This portrait is one of three associated works depicting émigrée Sonia Husid (1906–1985), known by her nom de plume N. M. Seedo. Possibly a distant relative of Kossoff’s, she was an important model for the artist in this period. Seedo refers to their friendship in her semi-autobiographical account, 'In the Beginning was Fear' (1964), which also movingly describes her experiences of pogroms, fear and loss in Romania. In this empathic portrait Kossoff clearly conveys her strength through suffering.
Seedo was also known in her own right in Britain as a Yiddishist. Born in Bessarabia and educated in Vienna, she was a member of the socialist Zionist youth group Hashomer Hatzair and the (then illegal) Romanian Communist Party before she settled in England in 1930. Seedo married fellow immigrant and Yiddish writer Y. I. Lisky (originally Yehuda Itamar Fuchs, official name Summer Fuchs) in London in 1935; they subsequently divorced and remarried in 1970.

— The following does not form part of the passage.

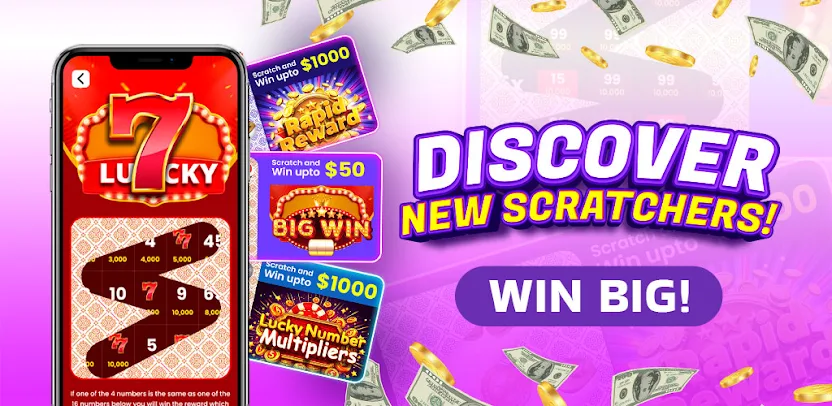 Scratch & Win Real Money Games Referral Code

'Portrait of N. M. Seedo' bears a striking resemblance to 'Seated Woman', a 1957 oil painting, and a charcoal and conté drawing of the same title exhibited in Kossoff’s second and third London Group exhibitions. Heavily delineated with fluent thick black marks and depicted in three-quarters profile, N. M. Seedo sits with her hands together, and eyes downcast. The tubular arm-rest that portions off the bottom left corner is a compositional device that recurs in later works.